-- Supplied material follows --

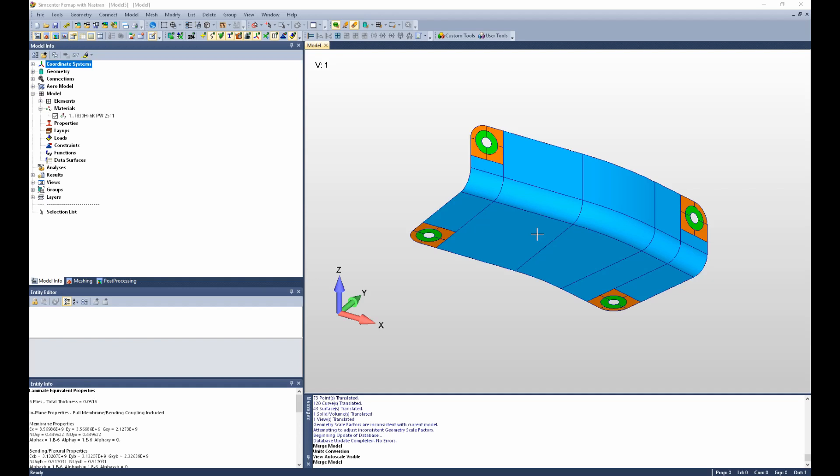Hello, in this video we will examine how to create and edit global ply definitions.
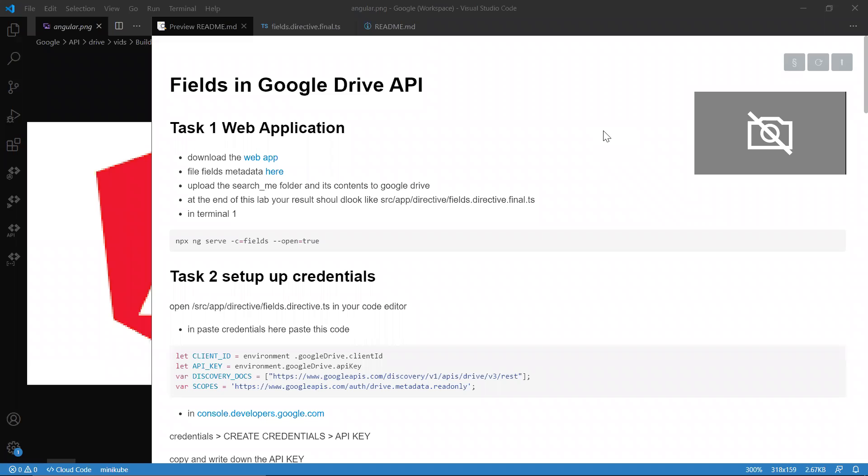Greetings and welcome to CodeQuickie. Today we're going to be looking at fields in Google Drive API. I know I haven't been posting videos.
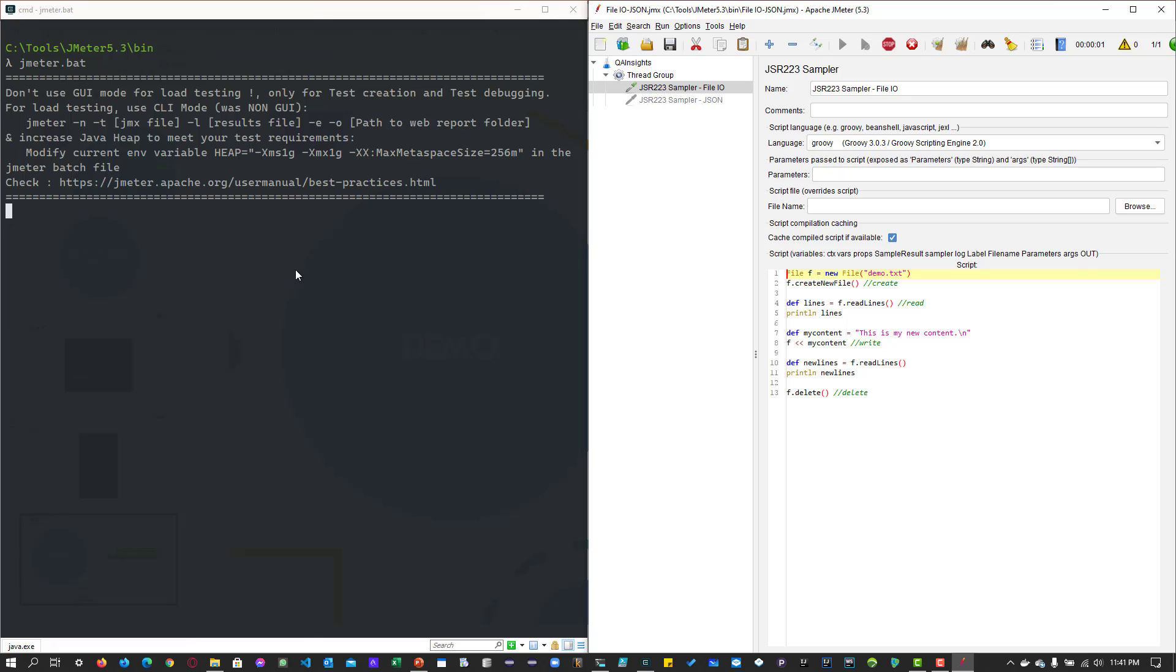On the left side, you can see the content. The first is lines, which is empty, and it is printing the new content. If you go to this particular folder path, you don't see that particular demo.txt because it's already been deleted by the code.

-- Supplied material concluded --

Required action:
With the pictures omitted, reproduce the data above exactly.

Answer below:
Hello, in this video we will examine how to create and edit global ply definitions.
Greetings and welcome to CodeQuickie. Today we're going to be looking at fields in Google Drive API. I know I haven't been posting videos.
On the left side, you can see the content. The first is lines, which is empty, and it is printing the new content. If you go to this particular folder path, you don't see that particular demo.txt because it's already been deleted by the code.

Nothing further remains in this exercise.